#### SUPPLIED ENTRIES

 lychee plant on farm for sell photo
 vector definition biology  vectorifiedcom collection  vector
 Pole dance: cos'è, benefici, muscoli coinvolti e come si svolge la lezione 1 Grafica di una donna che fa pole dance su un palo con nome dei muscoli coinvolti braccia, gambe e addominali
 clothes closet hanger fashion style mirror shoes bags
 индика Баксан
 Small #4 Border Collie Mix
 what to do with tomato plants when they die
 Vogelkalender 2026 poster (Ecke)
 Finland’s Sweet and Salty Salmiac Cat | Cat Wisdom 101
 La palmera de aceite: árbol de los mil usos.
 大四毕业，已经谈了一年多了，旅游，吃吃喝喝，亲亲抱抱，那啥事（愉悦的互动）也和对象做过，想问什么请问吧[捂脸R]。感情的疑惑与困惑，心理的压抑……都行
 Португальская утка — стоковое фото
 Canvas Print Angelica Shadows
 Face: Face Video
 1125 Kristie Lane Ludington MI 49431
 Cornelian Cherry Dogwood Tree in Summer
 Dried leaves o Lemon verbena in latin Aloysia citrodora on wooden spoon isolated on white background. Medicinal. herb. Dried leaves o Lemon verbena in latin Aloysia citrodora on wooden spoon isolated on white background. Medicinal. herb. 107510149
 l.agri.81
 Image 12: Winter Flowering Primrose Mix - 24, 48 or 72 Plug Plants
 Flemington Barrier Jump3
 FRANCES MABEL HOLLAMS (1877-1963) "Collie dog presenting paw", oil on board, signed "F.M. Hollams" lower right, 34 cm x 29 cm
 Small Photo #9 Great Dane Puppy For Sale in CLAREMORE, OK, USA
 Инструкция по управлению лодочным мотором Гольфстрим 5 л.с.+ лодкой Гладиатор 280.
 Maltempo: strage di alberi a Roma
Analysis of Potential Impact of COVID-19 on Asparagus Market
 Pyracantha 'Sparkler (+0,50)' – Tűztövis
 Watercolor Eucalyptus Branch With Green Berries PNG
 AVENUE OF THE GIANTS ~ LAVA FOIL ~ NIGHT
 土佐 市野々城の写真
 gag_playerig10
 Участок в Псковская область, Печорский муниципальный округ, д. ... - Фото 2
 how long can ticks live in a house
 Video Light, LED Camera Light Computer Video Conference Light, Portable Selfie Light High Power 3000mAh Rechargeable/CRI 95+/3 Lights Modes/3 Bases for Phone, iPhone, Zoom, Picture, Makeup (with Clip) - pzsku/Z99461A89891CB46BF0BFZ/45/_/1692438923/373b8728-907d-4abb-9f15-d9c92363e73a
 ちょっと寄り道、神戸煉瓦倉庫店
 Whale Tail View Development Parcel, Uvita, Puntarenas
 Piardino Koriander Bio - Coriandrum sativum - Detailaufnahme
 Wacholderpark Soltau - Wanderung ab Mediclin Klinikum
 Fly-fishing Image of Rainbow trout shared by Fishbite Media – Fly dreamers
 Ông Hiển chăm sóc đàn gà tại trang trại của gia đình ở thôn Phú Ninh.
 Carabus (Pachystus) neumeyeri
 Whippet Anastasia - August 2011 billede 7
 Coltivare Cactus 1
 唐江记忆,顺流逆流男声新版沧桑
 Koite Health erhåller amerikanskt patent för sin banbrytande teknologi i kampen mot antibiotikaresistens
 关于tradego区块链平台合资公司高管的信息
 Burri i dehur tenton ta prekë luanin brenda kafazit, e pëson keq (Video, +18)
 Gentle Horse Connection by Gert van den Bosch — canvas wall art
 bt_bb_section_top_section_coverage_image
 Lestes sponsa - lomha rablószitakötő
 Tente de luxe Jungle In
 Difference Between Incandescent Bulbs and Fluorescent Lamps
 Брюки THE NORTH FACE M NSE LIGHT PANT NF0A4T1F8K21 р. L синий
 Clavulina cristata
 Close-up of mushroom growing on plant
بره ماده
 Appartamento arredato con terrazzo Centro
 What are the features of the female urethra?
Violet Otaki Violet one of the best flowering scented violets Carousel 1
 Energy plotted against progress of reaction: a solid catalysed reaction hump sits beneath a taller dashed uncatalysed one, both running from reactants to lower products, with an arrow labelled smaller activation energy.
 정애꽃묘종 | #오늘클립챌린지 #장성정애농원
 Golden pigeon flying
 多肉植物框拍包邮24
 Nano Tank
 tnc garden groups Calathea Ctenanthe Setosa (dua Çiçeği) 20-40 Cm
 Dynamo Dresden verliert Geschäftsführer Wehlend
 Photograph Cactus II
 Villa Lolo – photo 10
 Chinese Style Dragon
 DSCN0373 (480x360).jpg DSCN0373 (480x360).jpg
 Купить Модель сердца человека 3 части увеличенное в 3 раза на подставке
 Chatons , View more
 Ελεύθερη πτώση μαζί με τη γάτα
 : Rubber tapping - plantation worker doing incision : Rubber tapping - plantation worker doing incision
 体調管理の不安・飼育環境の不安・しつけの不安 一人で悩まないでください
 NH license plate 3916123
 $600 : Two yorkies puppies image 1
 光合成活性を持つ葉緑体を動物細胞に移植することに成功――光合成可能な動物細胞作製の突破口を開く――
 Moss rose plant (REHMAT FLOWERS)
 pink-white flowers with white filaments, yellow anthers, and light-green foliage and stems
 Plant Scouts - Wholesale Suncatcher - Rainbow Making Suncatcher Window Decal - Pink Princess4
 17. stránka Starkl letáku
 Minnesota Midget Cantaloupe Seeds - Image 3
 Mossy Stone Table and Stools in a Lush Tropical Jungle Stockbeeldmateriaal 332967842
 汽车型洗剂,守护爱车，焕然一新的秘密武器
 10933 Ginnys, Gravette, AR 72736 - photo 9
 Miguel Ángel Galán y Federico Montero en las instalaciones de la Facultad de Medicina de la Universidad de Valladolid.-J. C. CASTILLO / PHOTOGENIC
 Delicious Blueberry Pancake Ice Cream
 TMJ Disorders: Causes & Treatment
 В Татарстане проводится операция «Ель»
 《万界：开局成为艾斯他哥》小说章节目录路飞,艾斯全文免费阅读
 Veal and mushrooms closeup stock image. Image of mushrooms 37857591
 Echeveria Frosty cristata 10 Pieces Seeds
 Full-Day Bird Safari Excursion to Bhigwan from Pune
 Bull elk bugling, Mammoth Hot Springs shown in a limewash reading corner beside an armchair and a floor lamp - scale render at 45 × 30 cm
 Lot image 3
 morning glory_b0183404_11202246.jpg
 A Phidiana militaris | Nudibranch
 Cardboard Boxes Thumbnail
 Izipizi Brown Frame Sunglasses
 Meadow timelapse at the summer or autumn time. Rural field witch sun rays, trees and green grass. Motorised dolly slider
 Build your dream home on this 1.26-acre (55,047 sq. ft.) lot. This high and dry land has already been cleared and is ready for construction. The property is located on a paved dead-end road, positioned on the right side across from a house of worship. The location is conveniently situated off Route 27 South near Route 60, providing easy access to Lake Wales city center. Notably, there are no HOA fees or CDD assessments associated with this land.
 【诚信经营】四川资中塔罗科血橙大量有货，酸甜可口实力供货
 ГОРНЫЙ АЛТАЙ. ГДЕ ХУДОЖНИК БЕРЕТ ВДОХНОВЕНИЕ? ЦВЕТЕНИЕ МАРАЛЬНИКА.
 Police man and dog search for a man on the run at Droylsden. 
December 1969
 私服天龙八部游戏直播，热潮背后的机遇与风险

########

→ **WHAT NEEDS TO BE DONE**:
Your answer should be a single number: the count of lines above with the word "Collie".

→ **EXERCISE RESPONSE**:
2